Re: [PATCH v4 3/3] drm/i915/gt: Timeout when waiting for idle in suspending

Tvrtko Ursulin <tvrtko.ursulin@xxxxxxxxxxxxxxx> · Thu, 28 Sep 2023 13:46:10 +0100





On 27/09/2023 17:36, Teres Alexis, Alan Previn wrote:
Thanks for taking the time to review this Tvrtko, replies inline below.

On Wed, 2023-09-27 at 10:02 +0100, Tvrtko Ursulin wrote:
On 26/09/2023 20:05, Alan Previn wrote:
When suspending, add a timeout when calling
intel_gt_pm_wait_for_idle else if we have a lost
G2H event that holds a wakeref (which would be
indicative of a bug elsewhere in the driver),
driver will at least complete the suspend-resume
cycle, (albeit not hitting all the targets for
low power hw counters), instead of hanging in the kernel.
alan:snip

   {
+	int timeout_ms = CONFIG_DRM_I915_MAX_REQUEST_BUSYWAIT ? : 10000;

CONFIG_DRM_I915_MAX_REQUEST_BUSYWAIT is in ns so assigning it to _ms is
a bit to arbitrary.

Why not the existing I915_GT_SUSPEND_IDLE_TIMEOUT for instance?
alan: good catch, my bad. However I915_GT_SUSPEND_IDLE_TIMEOUT is only half a sec
which i feel is too quick. I guess i could create a new #define or a multiple
of I915_GT_SUSPEND_IDLE_TIMEOUT?

   	/*
   	 * On rare occasions, we've observed the fence completion trigger
   	 * free_engines asynchronously via rcu_call. Ensure those are done.
@@ -308,7 +309,10 @@ static void wait_for_suspend(struct intel_gt *gt)
   		intel_gt_retire_requests(gt);
   	}
   
-	intel_gt_pm_wait_for_idle(gt);
+	/* we are suspending, so we shouldn't be waiting forever */
+	if (intel_gt_pm_wait_timeout_for_idle(gt, timeout_ms) == -ETIMEDOUT)
+		gt_warn(gt, "bailing from %s after %d milisec timeout\n",
+			__func__, timeout_ms);

Does the timeout in intel_gt_pm_wait_timeout_for_idle always comes in
pair with the timeout first in intel_gt_wait_for_idle?
alan: Not necessarily, ... IIRC in nearly all cases, the first wait call
complete in time (i.e. no more ongoing work) and the second wait
does wait only if the last bit of work 'just-finished', then that second
wait may take a touch bit longer because of possible async gt-pm-put calls.
(which appear in several places in the driver as part of regular runtime
operation including request completion). NOTE: this not high end workloads
so the

Also, is the timeout here hit from the intel_gt_suspend_prepare,
intel_gt_suspend_late, or can be both?

Main concern is that we need to be sure there are no possible
ill-effects, like letting the GPU/GuC scribble on some memory we
unmapped (or will unmap), having let the suspend continue after timing
out, and not perhaps doing the forced wedge like wait_for_suspend() does
on the existing timeout path.
alan: this will not happen because the held wakeref is never force-released
after the timeout - so what happens is the kernel would bail the suspend.
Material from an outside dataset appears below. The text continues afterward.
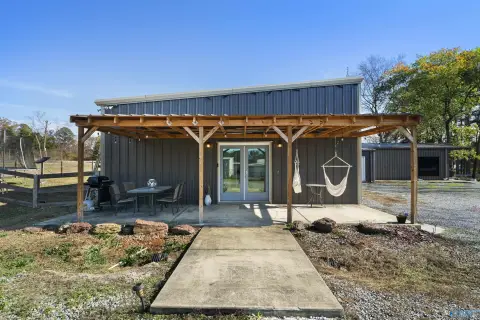 Commercial Building on Highway 9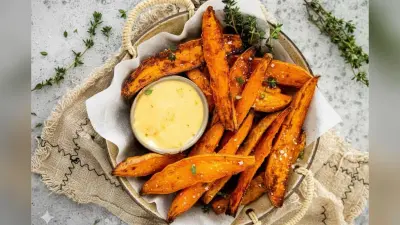 Winter-Style Ghee Roasted Sweet Potato: ठंड के मौसम में ट्राई करें घी में भुने शकरकंद की स्वादिष्ट रेसिपी – वजन घटाने वालों के लिए परफेक्ट स्नैक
How does it know to fail the suspend when there is no error code 
returned with this timeout? Maybe a stupid question.. my knowledge of 
suspend-resume paths was not great even before I forgot it all.

Would it be possible to handle the lost G2H events directly in the
respective component instead of here? Like apply the timeout during the
step which explicitly idles the CT for suspend (presumably that
exists?), and so cleanup from there once declared a lost event.
alan: So yes, we don't solve the problem with this patch - Patch#2
is addressing the root cause - and verification is still ongoing - because its
hard to thoroughly test / reproduce. (i.e. Patch 2 could get re-rev'd).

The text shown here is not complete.